YD: We identified a need to provide an affordable, but luxurious base. We believe that the hotel is not the final destination, but rather part of the travel experience.
Luxury means different things to different people. We think of Little National Hotels as ‘smart luxury’, a combination of beautifully designed spaces, high amenity, in super-prime locations at a reasonable rate. Our target clients are business and leisure travellers, who want well designed and detailed spaces and who don’t necessarily spend an extensive amount of time in their hotel rooms. However, they do not want to give up on a luxurious experience when they are in their room.
We have streamlined our offering, leveraging the surrounding neighbourhood of restaurants, businesses and entertainment. We would prefer people to have an authentic local experience, rather than trying to provide an all-inclusive experience. We like to think we offer small rooms and a big experience.
BS: How does the model work?
YD: To combat high staff costs and high labour, we’ve focussed on what matters and streamlined our guest service. You don’t need a 24 hour doorman or a big room to feel like you’ve had a five star experience - what matters is a great bed, a great shower, luxurious touchpoints and professional and friendly service when you need it.
We have stripped away the unnecessary overheads. We focus on hiring the best reception, housekeeping and bar staff without the additional bell boys and doormen. We offer premium social spaces which are open to all of our guests and their invited visitors with self-service and a carefully chosen food and beverage service.
Little National Hotels are new build projects with integrated interiors. The combination of expensive real estate and high wages in Australia makes it challenging to provide hotel guests with good value. Our solution to this problem is to increase the key numbers by decreasing the room size. The cost of our 18 sqm room is similar to a 25 sqm room in other hotels, but a Little National Hotel room is far better appointed. However, by saving on floor area, we are able to compensate by increasing our overall yield of rooms.
BS: How does design support your business?
YD: We place great value on smart luxurious design. We have consciously developed our aesthetic to have a broad appeal. We target a large niche of very social travellers in the marketplace. Importantly, we do not target a particular “design” niche, believing that people of all ages recognise and enjoy considered, timeless and elegant design. Our sleeping spaces are highly planned, but there is a joy in the materiality and detail, and the rooms are small, yet beautifully presented. This is a crafted model that is consistent throughout all of our Little National Hotels.

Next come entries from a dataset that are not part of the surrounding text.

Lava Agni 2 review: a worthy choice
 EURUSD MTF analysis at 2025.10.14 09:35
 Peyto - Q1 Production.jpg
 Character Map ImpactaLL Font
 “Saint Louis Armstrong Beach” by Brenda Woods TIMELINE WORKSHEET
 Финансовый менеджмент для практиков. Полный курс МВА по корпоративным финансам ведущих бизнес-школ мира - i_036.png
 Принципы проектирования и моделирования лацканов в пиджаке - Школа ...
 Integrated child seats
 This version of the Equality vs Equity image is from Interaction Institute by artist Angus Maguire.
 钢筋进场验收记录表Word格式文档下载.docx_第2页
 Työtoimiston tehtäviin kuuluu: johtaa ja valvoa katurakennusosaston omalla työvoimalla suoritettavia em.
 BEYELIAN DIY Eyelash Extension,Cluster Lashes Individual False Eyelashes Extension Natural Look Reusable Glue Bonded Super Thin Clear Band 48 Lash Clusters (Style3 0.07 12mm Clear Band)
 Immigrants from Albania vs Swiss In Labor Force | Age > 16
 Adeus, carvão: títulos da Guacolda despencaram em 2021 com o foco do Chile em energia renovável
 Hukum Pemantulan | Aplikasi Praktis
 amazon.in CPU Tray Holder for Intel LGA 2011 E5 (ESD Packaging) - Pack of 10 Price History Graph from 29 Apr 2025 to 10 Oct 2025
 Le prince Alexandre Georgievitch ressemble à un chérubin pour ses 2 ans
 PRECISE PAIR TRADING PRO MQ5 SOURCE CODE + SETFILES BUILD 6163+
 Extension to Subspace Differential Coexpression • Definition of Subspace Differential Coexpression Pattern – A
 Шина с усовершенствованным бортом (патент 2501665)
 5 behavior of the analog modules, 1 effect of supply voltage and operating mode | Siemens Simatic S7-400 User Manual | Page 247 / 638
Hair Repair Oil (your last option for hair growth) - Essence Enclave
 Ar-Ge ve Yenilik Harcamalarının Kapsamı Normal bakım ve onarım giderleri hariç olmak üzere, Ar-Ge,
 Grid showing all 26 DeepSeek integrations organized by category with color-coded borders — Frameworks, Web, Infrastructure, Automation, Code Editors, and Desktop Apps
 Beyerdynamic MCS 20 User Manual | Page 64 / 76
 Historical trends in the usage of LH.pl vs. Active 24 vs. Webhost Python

Likewise with the concept ‘small rooms, big experience’, the social spaces within the hotels are integral to the overall guest experience and we always focus on great locations for our properties. Our social spaces are always given prime position in our hotels, but they are the first or last stop for our guests – the locations we choose are surrounded by better bars, restaurants and local experiences than most hoteliers could hope to provide.
Bates Smart are currently designing Little National Hotels in Newcastle and Sydney.